Donne al lavoro. Una battaglia da combattere in primo luogo con se stesse.

A cominciare dagli obiettivi professionali che le donne si danno durante i loro studi. Una serie di ricerche ha indagato fino a che punto i concetti di istruzione e maternità sono incorporati nel concetto di sé delle studentesse universitarie. Nello specifico è stato valutato l’identificazione con le aspirazioni accademiche e familiari (Hai, Devos, e Dunn, 2014). Uno dei presupposti chiave di questo studio è che queste aspirazioni non sono per loro natura in contrasto tra di loro e che quindi una ragazza possa avere alte aspirazioni professionali e alte aspirazioni familiari. Sulle misure che riflettono i processi di identificazione e scelta (a livello esplicito, e quindi chiedendo in modo diretto alle studentesse quali fossero le loro aspirazioni), le studentesse universitarie davano leggermente una maggiore enfasi ai loro obiettivi accademici rispetto a quelli familiari. Sorprendentemente però le quando queste aspirazioni venivano misurate a livello implicito (ovvero attraverso test che misurano le associazioni automatiche che facciamo tra noi stessi ed alcune scelte di vita) erano le aspirazioni familiari a risultare la componente più importante per il sé e che le ragazze vivevano un conflitto tra aspirazioni familiari e professionali. Questi studi hanno chiaramente mostrato l’influenza pervasiva e distorsiva che le distinzioni di genere convenzionali hanno ancora sul concetto di sé delle studentesse universitarie, quanto le renda di fatto meno libere di determinare cosa vogliono essere, e chi vogliono essere nella loro vita.

Quando le donne terminano gli studi ed entrano nel mondo del lavoro, gli stereotipi di genere naturalmente diventano compagni stabili e subdoli sabotatori nei percorsi di carriera.

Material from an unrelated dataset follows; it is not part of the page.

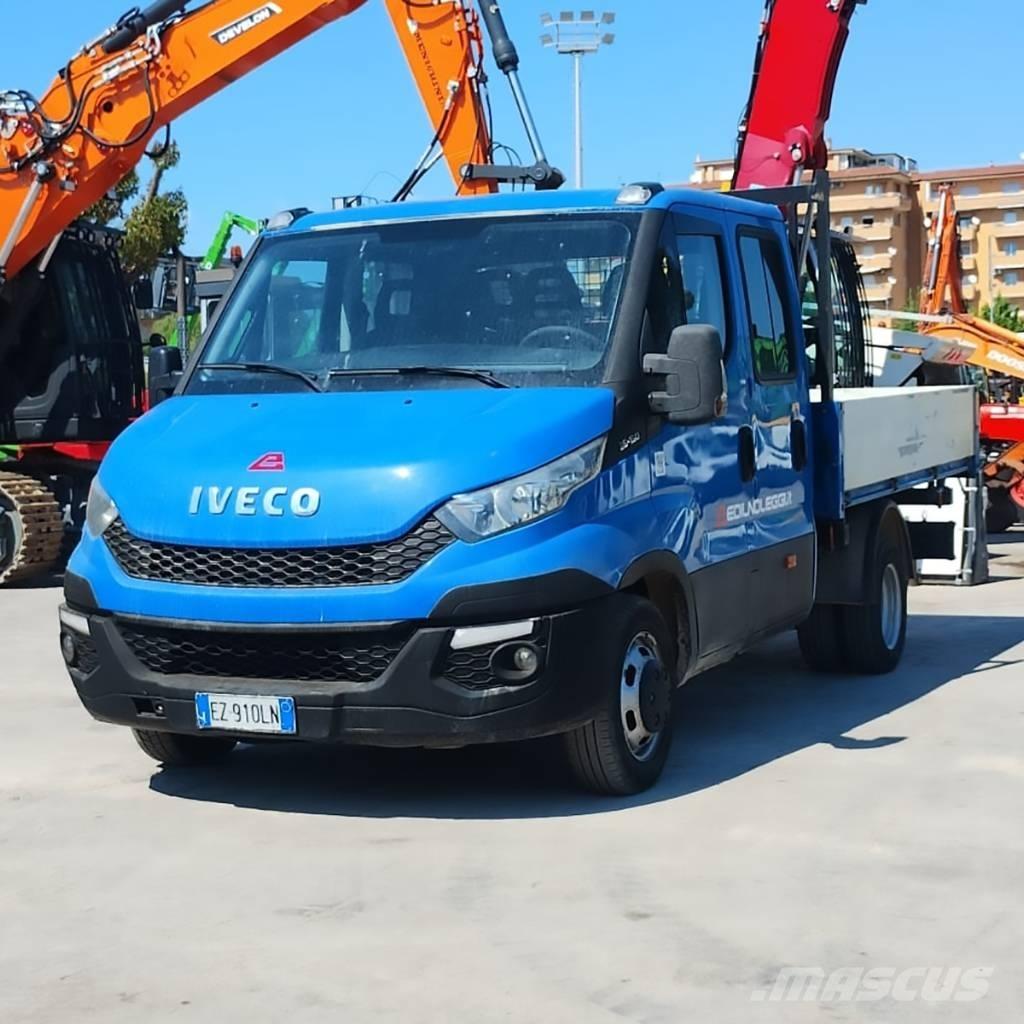 Iveco Daily 35 C13 Savivarčių priekabų vilkikai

Nell’esaminare oltre 40 anni di ricerche sugli stereotipi di genere negli Stati Uniti, nel Regno Unito, in Germania, in Cina e in Giappone, Schein (2001) conclude che il “pensare ai dirigenti – pensare agli uomini” è un'equazione universale che è rimasta praticamente inalterato dal 1973, nonostante gli enormi cambiamenti nella composizione della forza lavoro globale. Il tempo passa, il mondo cambia, ma gli uomini sono giudicati (sia dagli uomini che dalle donne) stabili, forti, assertivi e realizzatori pragmatici del lavoro. Mentre le donne sono spesso viste come emotivamente instabili, deboli e timide. Quando pensiamo ad un dirigente lo pensiamo automaticamente e tendenzialmente come dotato delle caratteristiche, atteggiamenti e temperamenti che stereotipicamente si associano agli uomini e non a quelli delle donne. I dirigenti vengono pensati così anche dalle stesse donne ed è facile immaginare quanto questo renda più difficili gli avanzamenti di carriera al femminile. Non solo perché le decisioni di avanzamento si basano su questi stereotipi e quindi è più facile che un HR scelga un uomo, ma anche perché le donne stesse si convincono inconsapevolmente di non essere adatte a ruoli di questo tipo, introiettando per insicurezza o scrupolo un sabotatore maschilista dentro di sé. In uno studio di Powell, Butterfield e Parent (2002), infatti, i partecipanti associavano ad un buon manager caratteristiche prevalentemente maschili, indipendentemente del sesso, l’età, l’istruzione e l’esperienza lavorativa. Quindi a parità di competenze sia uomini che donne considerano gli uomini più adatti ad un ruolo manageriale. Queste convinzioni legate al “lack of fit”, ovvero alla sensazione di non essere la persona adatta ad una data posizione, scoraggiano le donne a formulare delle aspirazioni di carriera ambiziose. In una ricerca condotta dal sito Career Builder nel 2017 si è evidenziato che gli uomini hanno ancora aspirazioni sulla loro carriera molto più elevate rispetto alle donne. Nello specifico, gli uomini che aspirano a diventare membri di un board o AD di un’azienda sono più del doppio delle donne. Inoltre sono oltre il 22% le donne che si aspettano di rimanere in un inquadramento di primo livello, mentre gli uomini sono solo il 10%.